Using a Practitioner’s Status and Prestige

Practitioners have a status in society that can be misused. In addition, engaging in certain activities outside of the profession can affect one’s ability to practise the profession objectively or even bring disrepute to the profession. It is for those reasons that some professions have ethical rules related to these concerns. For example, some health professions in Canada do not condone practitioners appearing in advertisements promoting health products to consumers.
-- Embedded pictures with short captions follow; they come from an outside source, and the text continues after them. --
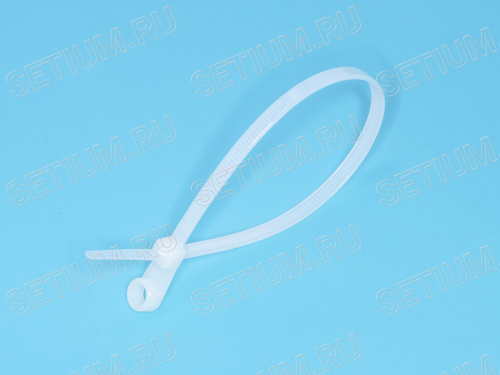 Стяжка 205x4,2мм с крепежным отверстием, белая, упак. 100 шт. TCV-205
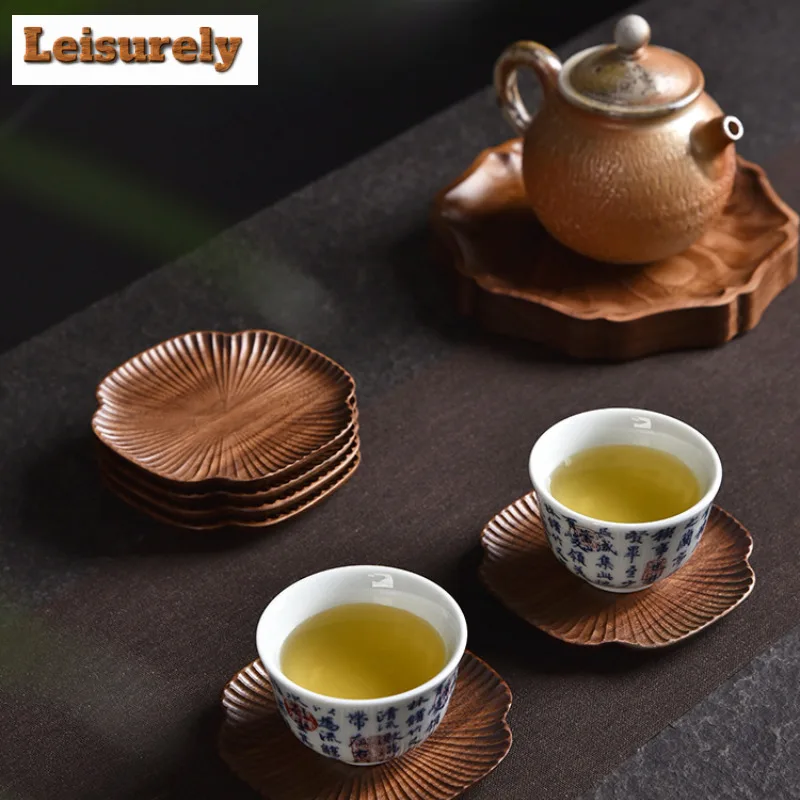 1/6pc Handamde Walnut Wood Coasters Creative For Coffee Cups Household Anti-scald Placemats Tieguanyin Chinese Teaset Decoration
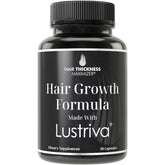 Hair Thickness Maximizer Lustriva frente del envase mostrando la marca y beneficios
Misusing one’s status and prestige is a concern for judges who must be, and be seen to be, impartial. A recent decision, that had a high profile in the legal community, addresses the boundaries of this concern. In Smith v Canada (Attorney General), 2020 FC 629, a Judge accepted an unpaid appointment of Interim Dean (Academic) to a law school that was undergoing a crisis. Justice Smith obtained the approval of both the Chief Justice in his province and, impliedly, the Minister of Justice. Nevertheless, the regulator for federally appointed judges, the Canadian Judicial Council initiated an inquiry and rendered a letter of concern. Justice Smith sought judicial review.
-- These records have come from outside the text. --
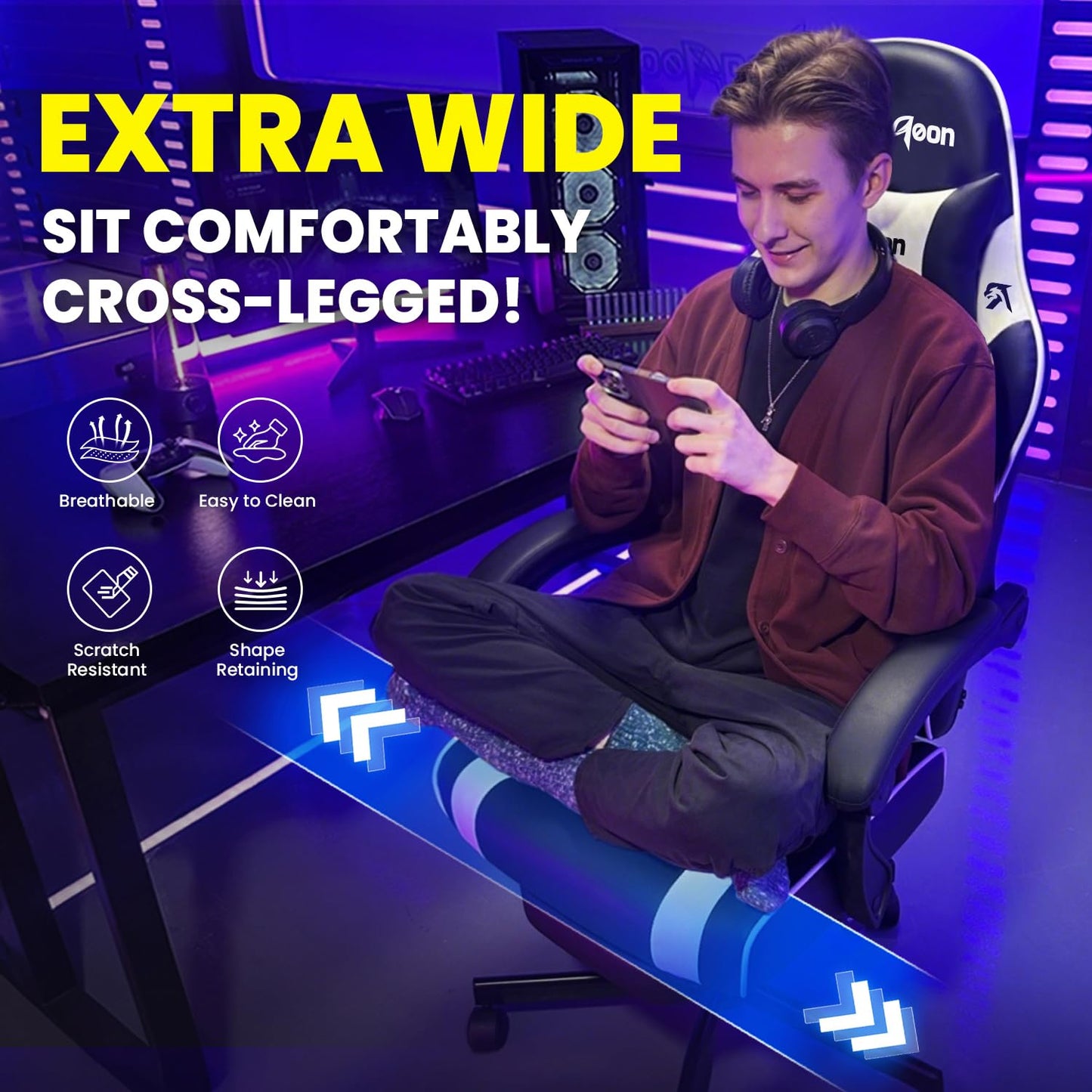 Silla gaming de cuero, ergonómica, con reposapiés, reposacabezas y soporte lumbar JECQCUPG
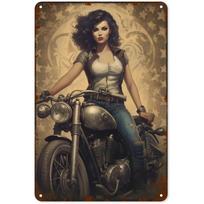 Metaliniai skardiniai ženklai Pin Up Mergina Moteris Motociklas Seksuali mergina Vintažiniai Juokingi meniniai sienų papuošimai namams Vyras Urvas Garažas Kavinė Baras Klubas 20x30cm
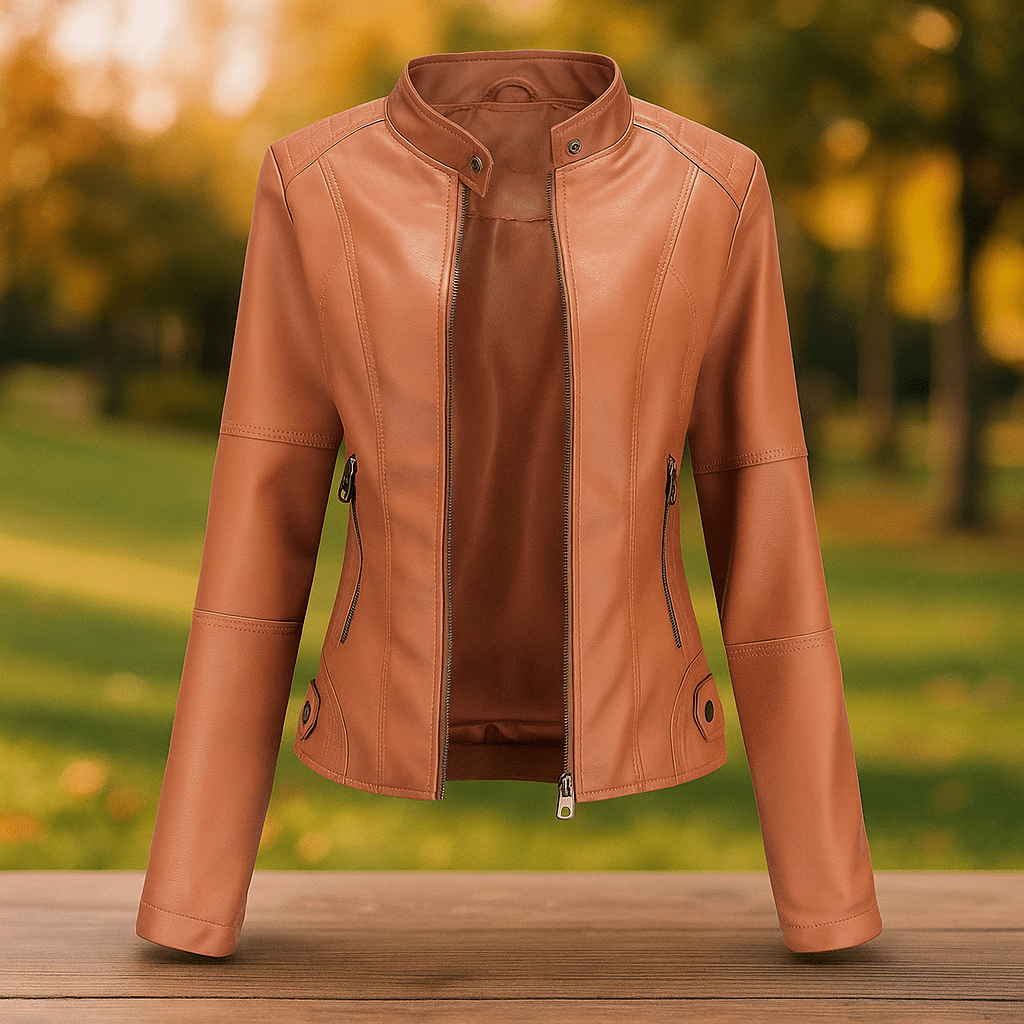 Stilla Naisen Nahkatakki - Elegantti Suunnittelu - Mao Kaulus - Mukavuus - EmiyoSuomi - Takki Nainen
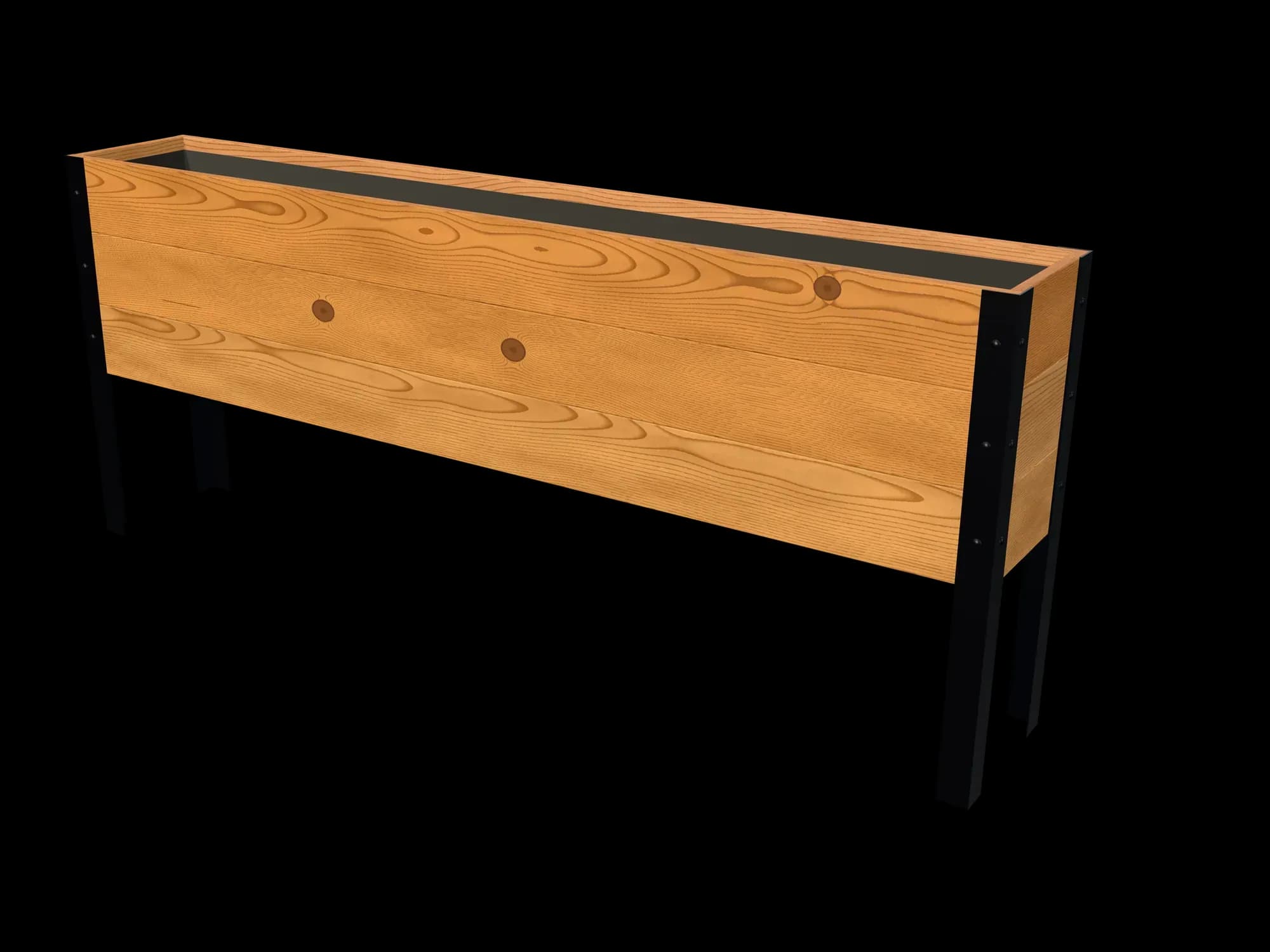 Rendering of the 11.5 × 72 in cedar raised garden bed, Standard, Knotty grade, three-quarter view on powder-coated steel legs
Much of the case dealt with the scope of a statutory provision preventing judges from having an occupation outside of their judicial duties. The Federal Court found no violation of that section.

On the ethical issue of misusing the judge’s judicial status or risking the compromising of his judicial duties, the Court held that the concerns were not justified. The Court said:

The association of a judge with any extra-judicial organization will, to some degree, bolster its reputation, status and public confidence. It is for precisely that reason that law schools seek to have judges teach. …. If that were the test, then no judge could ever join or participate in any extra-judicial civic, religious, or charitable organization.
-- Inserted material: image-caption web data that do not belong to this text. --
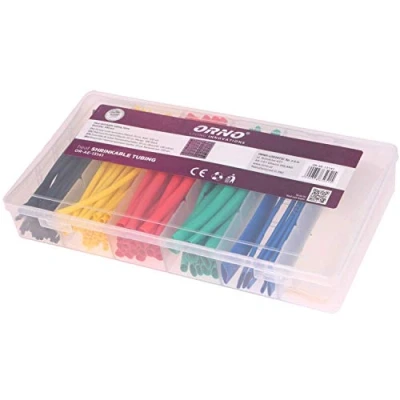 Abbildung von ORNO AE 13141 Schrumpfschlauch Set 100 Stück, 6 Farben: Gelb, Blau, Schwarz, Grün, Rot, lange: 10cm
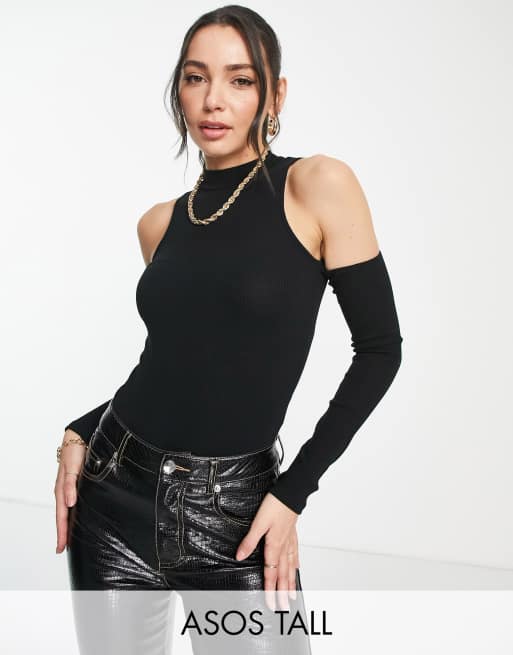 ASOS DESIGN Tall bodysuit with cold shoulder in black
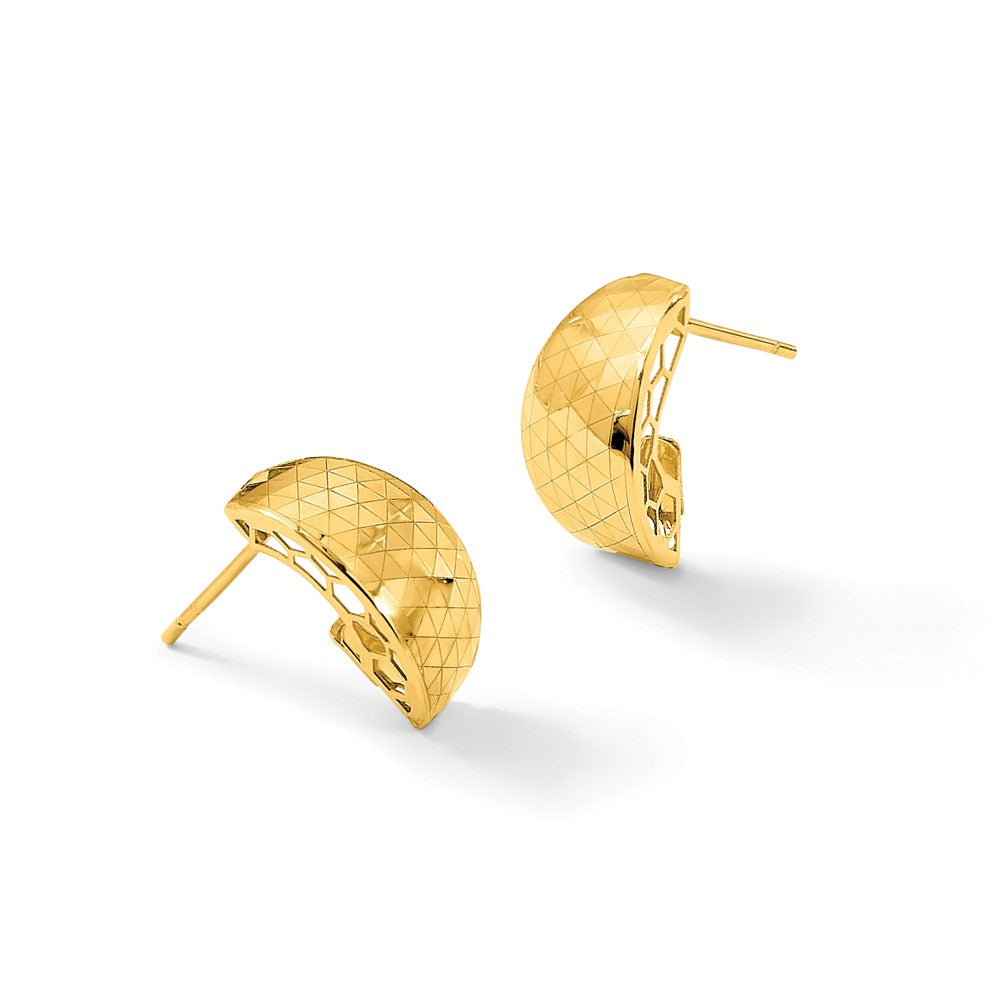 14K Yellow Gold Polished and Textured Earrings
The Court was also concerned that the initiation of the investigation, in the absence of a complaint and given the approval of the Chief Justice and Minister of Justice, was procedurally unfair to the point of being an abuse of process. The Court concluded that the regulator failed to disclose to the Judge the true nature of the concern and the matter did not warrant consideration because it could not have resulted in the Judge’s removal.